The campaign against proxy advisors is related to the widespread push against environmental, social, and governance criteria used in investment decision-making. Critics of proxy advisors have accused the firms of pressuring public companies to align themselves with progressive causes, including diversity, equity, and inclusion. And because the firms consult with public companies, they have an inherent conflict of interest, opponents have said. “Two firms — ISS and Glass Lewis — control 97% of the proxy advisory market. That concentration alone would warrant scrutiny,” Rep. Ann Wagner, R-Mo., said during the April hearing. “But more troubling is how their influence goes far beyond research — they now routinely dictate outcomes of shareholder votes.”

That point, Minow said, is actually something the corporate world should find appealing, as 96% of recommendations by ISS and Glass Lewis have been to vote with companies’ board recommendations. And even so, the results of shareholder votes are often nonbinding, and public companies sometimes ignore them, she said.

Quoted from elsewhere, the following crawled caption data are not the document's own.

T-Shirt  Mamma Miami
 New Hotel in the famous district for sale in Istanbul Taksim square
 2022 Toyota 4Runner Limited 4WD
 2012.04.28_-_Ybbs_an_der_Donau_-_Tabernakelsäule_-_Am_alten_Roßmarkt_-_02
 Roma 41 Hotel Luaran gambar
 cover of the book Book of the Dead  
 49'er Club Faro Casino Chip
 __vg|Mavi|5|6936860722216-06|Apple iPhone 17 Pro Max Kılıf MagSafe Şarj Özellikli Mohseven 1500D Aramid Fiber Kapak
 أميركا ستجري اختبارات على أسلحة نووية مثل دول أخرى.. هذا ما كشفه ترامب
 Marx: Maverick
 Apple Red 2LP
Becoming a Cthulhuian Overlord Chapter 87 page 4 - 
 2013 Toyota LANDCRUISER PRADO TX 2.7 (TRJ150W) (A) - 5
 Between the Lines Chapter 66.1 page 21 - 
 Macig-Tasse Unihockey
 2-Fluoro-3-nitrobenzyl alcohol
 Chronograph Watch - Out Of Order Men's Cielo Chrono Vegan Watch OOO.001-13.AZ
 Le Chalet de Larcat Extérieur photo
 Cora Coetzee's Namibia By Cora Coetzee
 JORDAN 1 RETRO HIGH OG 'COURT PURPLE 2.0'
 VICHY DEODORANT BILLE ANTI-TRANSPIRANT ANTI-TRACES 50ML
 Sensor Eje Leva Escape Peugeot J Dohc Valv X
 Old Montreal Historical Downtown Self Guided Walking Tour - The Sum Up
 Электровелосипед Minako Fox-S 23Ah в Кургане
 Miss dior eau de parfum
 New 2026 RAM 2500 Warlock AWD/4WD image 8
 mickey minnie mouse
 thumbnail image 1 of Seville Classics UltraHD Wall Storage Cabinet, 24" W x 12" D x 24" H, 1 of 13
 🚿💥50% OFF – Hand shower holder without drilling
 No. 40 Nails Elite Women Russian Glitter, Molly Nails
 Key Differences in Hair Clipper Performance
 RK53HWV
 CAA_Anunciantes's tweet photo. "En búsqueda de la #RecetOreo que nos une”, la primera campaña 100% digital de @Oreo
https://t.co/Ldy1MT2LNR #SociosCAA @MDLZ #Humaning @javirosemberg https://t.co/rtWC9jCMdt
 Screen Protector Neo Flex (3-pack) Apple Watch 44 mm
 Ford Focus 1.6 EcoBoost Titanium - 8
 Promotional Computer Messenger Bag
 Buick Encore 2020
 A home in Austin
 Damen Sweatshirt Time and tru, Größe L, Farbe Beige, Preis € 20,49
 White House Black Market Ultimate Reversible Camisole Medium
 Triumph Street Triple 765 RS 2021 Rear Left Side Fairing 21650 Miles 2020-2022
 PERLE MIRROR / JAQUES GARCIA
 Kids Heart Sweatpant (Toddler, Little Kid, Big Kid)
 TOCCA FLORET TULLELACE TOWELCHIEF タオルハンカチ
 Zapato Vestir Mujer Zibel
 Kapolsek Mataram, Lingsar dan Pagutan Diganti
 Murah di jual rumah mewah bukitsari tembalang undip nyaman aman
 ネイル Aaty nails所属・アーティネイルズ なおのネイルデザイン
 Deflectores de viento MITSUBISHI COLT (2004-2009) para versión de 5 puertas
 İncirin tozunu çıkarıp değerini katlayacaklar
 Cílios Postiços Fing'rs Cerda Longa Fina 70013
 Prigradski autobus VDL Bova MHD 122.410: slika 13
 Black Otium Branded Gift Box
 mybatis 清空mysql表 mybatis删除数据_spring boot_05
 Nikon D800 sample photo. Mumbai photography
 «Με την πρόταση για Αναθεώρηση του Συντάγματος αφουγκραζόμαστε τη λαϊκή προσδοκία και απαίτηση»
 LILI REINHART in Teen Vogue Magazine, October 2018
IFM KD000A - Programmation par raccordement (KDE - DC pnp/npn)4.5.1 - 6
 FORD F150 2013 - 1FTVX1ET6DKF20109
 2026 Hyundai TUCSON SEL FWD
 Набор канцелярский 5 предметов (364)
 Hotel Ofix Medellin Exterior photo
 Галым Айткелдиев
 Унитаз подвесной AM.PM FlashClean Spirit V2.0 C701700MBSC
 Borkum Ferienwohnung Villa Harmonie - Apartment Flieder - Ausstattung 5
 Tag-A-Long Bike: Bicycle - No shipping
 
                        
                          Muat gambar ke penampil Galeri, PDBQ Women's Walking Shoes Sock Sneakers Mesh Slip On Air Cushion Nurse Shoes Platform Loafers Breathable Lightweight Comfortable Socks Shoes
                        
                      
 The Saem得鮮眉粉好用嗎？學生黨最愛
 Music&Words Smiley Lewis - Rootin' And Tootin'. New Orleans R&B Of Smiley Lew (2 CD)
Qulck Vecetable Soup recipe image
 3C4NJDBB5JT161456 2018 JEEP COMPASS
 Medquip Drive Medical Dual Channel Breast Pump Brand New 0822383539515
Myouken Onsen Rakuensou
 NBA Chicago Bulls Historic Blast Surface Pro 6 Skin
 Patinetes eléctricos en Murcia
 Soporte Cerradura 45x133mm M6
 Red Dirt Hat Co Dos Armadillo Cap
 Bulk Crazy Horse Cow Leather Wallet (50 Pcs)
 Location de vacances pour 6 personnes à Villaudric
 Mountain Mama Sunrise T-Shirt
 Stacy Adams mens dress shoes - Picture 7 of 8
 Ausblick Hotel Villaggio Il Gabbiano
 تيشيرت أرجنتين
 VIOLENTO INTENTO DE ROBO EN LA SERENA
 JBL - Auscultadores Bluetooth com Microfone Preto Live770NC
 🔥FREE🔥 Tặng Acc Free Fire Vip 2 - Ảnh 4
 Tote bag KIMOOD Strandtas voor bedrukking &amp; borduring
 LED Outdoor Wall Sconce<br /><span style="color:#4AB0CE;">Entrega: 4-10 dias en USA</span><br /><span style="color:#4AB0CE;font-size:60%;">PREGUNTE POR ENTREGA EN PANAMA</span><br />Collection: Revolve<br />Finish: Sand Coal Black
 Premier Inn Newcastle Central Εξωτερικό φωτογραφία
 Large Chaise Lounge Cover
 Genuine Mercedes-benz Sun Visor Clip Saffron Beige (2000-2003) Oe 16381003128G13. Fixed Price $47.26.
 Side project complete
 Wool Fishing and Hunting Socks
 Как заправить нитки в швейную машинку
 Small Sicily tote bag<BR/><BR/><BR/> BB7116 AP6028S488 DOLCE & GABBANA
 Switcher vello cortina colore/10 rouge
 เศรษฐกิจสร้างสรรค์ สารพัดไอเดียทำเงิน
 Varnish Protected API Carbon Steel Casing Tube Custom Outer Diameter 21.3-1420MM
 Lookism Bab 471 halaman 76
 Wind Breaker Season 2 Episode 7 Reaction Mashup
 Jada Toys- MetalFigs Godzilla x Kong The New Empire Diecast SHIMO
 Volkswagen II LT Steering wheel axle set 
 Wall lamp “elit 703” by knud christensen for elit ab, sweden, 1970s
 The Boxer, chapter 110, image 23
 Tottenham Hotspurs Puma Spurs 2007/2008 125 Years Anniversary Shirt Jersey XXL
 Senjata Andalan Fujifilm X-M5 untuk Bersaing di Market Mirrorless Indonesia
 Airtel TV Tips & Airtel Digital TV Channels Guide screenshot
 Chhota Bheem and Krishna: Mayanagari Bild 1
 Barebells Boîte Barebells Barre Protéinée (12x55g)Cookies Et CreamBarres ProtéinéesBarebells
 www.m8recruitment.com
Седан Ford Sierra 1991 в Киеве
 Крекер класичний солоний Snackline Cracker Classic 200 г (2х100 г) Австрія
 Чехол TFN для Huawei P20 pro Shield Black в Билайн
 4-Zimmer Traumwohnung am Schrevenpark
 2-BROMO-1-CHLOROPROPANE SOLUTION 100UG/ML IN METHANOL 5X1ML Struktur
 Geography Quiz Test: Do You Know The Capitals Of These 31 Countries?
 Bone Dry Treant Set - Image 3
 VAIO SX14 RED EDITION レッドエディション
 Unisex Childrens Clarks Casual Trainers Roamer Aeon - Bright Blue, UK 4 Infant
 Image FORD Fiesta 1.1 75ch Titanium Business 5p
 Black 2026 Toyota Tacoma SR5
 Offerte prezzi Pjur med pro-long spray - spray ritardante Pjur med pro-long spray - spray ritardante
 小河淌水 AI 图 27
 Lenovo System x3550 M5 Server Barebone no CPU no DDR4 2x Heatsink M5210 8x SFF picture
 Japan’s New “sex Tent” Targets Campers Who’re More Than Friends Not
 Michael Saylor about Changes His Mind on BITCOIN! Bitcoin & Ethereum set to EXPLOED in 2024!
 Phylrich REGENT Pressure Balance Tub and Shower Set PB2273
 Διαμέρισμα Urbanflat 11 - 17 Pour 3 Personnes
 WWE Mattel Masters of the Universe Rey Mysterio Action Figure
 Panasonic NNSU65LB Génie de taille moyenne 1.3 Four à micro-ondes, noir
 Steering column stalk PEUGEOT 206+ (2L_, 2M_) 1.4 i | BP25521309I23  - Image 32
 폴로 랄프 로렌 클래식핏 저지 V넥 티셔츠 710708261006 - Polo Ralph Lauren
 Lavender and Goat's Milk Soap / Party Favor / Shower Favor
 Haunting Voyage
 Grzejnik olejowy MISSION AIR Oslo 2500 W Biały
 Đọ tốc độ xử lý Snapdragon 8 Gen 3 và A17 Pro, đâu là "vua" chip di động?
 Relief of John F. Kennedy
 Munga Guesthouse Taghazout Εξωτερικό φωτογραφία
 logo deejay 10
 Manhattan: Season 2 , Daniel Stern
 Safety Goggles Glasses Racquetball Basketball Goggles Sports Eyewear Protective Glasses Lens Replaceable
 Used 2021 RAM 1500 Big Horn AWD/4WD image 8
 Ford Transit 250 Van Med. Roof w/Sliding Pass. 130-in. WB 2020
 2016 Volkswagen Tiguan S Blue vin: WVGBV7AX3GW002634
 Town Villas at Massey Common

In response to the push against activist shareholder campaigns and ESG, several big asset managers have added programs that let fund investors direct how their shares are voted:

  • BlackRock’s Voting Choice program applies to nearly half of the firm’s $6.3 trillion index equity assets.
  • State Street’s proxy voting choice program includes 81% of its eligible index equity assets, or about $1.9 trillion.
  • Vanguard’s Investor Choice option applies to $1 trillion in assets in equity index funds, and the company plans to expand it.

Limited Choice: “For a decade I’ve been saying that ISS is fundamentally conflicted — they make their money by selling data to corporations,” said Andy Behar, CEO of shareholder advocacy group As You Sow, noting that even the most left-leaning voting policy it provides sides with CEO pay and corporate boards about 80% of the time. People who opt for the sustainable voting policies offered by ISS and Glass Lewis “think they’re voting aligned with sustainability, but they’re not,” he said. “I don’t understand why the right is attacking them so hard.”